**REQUIRED ACTION:**
Restating every entry exactly is the whole task.

Items from a dataset
------------------------------------------------------------------------
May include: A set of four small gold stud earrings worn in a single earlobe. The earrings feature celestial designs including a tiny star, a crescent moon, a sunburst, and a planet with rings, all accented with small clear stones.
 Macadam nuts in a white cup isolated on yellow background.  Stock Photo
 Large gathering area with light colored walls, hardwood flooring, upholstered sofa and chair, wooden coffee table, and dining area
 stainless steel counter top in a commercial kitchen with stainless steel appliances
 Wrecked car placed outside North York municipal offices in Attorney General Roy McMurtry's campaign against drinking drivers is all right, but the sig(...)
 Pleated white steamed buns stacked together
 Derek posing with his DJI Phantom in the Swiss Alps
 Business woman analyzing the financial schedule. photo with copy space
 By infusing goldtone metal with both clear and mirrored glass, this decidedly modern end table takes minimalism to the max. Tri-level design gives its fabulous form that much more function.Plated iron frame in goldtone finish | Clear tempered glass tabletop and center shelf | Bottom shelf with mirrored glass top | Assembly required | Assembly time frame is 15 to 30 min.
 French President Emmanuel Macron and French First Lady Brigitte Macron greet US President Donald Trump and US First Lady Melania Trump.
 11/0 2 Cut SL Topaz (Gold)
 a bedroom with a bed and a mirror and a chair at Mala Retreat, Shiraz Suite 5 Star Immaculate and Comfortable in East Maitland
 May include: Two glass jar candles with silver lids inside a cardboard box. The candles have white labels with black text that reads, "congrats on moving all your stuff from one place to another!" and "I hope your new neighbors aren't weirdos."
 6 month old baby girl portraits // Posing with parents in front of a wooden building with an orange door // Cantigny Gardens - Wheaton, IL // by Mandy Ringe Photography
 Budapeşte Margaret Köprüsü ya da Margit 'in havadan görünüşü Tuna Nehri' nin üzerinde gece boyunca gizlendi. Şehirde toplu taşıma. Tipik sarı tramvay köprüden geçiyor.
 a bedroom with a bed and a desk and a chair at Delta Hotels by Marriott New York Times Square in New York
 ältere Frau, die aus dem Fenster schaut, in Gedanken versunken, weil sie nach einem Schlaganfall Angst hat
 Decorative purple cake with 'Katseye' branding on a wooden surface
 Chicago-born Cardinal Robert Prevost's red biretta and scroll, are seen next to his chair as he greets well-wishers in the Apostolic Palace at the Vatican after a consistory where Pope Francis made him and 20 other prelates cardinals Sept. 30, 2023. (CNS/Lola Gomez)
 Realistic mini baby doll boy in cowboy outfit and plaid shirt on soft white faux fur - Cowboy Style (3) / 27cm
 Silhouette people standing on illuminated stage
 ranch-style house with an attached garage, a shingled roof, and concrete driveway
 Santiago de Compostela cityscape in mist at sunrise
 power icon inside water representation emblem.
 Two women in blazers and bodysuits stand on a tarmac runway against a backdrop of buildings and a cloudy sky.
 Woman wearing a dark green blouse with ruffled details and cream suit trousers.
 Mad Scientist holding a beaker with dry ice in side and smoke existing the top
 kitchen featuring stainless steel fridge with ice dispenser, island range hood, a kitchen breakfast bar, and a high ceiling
------------------------------------------------------------------------
**RESULT:**
May include: A set of four small gold stud earrings worn in a single earlobe. The earrings feature celestial designs including a tiny star, a crescent moon, a sunburst, and a planet with rings, all accented with small clear stones.
 Macadam nuts in a white cup isolated on yellow background.  Stock Photo
 Large gathering area with light colored walls, hardwood flooring, upholstered sofa and chair, wooden coffee table, and dining area
 stainless steel counter top in a commercial kitchen with stainless steel appliances
 Wrecked car placed outside North York municipal offices in Attorney General Roy McMurtry's campaign against drinking drivers is all right, but the sig(...)
 Pleated white steamed buns stacked together
 Derek posing with his DJI Phantom in the Swiss Alps
 Business woman analyzing the financial schedule. photo with copy space
 By infusing goldtone metal with both clear and mirrored glass, this decidedly modern end table takes minimalism to the max. Tri-level design gives its fabulous form that much more function.Plated iron frame in goldtone finish | Clear tempered glass tabletop and center shelf | Bottom shelf with mirrored glass top | Assembly required | Assembly time frame is 15 to 30 min.
 French President Emmanuel Macron and French First Lady Brigitte Macron greet US President Donald Trump and US First Lady Melania Trump.
 11/0 2 Cut SL Topaz (Gold)
 a bedroom with a bed and a mirror and a chair at Mala Retreat, Shiraz Suite 5 Star Immaculate and Comfortable in East Maitland
 May include: Two glass jar candles with silver lids inside a cardboard box. The candles have white labels with black text that reads, "congrats on moving all your stuff from one place to another!" and "I hope your new neighbors aren't weirdos."
 6 month old baby girl portraits // Posing with parents in front of a wooden building with an orange door // Cantigny Gardens - Wheaton, IL // by Mandy Ringe Photography
 Budapeşte Margaret Köprüsü ya da Margit 'in havadan görünüşü Tuna Nehri' nin üzerinde gece boyunca gizlendi. Şehirde toplu taşıma. Tipik sarı tramvay köprüden geçiyor.
 a bedroom with a bed and a desk and a chair at Delta Hotels by Marriott New York Times Square in New York
 ältere Frau, die aus dem Fenster schaut, in Gedanken versunken, weil sie nach einem Schlaganfall Angst hat
 Decorative purple cake with 'Katseye' branding on a wooden surface
 Chicago-born Cardinal Robert Prevost's red biretta and scroll, are seen next to his chair as he greets well-wishers in the Apostolic Palace at the Vatican after a consistory where Pope Francis made him and 20 other prelates cardinals Sept. 30, 2023. (CNS/Lola Gomez)
 Realistic mini baby doll boy in cowboy outfit and plaid shirt on soft white faux fur - Cowboy Style (3) / 27cm
 Silhouette people standing on illuminated stage
 ranch-style house with an attached garage, a shingled roof, and concrete driveway
 Santiago de Compostela cityscape in mist at sunrise
 power icon inside water representation emblem.
 Two women in blazers and bodysuits stand on a tarmac runway against a backdrop of buildings and a cloudy sky.
 Woman wearing a dark green blouse with ruffled details and cream suit trousers.
 Mad Scientist holding a beaker with dry ice in side and smoke existing the top
 kitchen featuring stainless steel fridge with ice dispenser, island range hood, a kitchen breakfast bar, and a high ceiling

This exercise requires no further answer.